Total assets across the banks, building societies and credit unions rose by 3.4 per cent over the June quarter, to $5.4 trillion, as there was a $136.8 billion boost in cash and liquid assets.

Total deposits also hit a new historic high of $3.4 trillion, as at 30 June.

Meanwhile, net profit after tax (NPAT) across ADIs rose by 23.5 per cent from the year before, to $32.3 billion in financial year 2021, as the banks all released provisions for bad loans.

There had been a $10.4 billion reduction in charges for bad or doubtful debts, with the banks acting to reflect a better-than-previously-expected economic outlook.

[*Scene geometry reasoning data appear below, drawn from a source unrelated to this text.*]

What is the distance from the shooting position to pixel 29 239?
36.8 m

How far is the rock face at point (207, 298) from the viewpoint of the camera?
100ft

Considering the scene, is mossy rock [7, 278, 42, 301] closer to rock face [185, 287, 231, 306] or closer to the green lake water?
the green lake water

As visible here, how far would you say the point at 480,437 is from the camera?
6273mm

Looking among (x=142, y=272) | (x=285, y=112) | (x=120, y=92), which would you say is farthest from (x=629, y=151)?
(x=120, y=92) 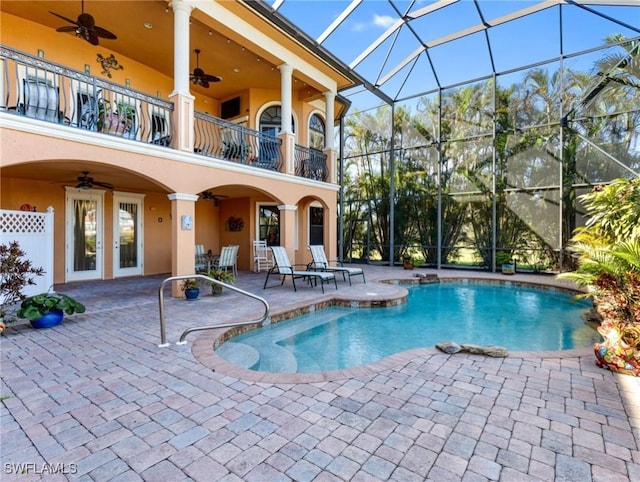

Impaired assets and past due items across ADIs were down by 4 per cent year-on-year to $37.5 billion.

The banks’ cost-to-income ratio had also declined to 54.6 per cent for the year, from 56.1 per cent in the prior year, as operating expenses took a steeper fall (down 3.2 per cent) compared to operating income (down by 0.6 per cent).

The number of ADIs had also dropped during the June quarter, with three banks having their licences revoked: Investec Bank, Firefighters & Affiliates Credit Co-operative (which had been bought by Teachers Mutual Bank Ltd) and Lysaght Credit Union.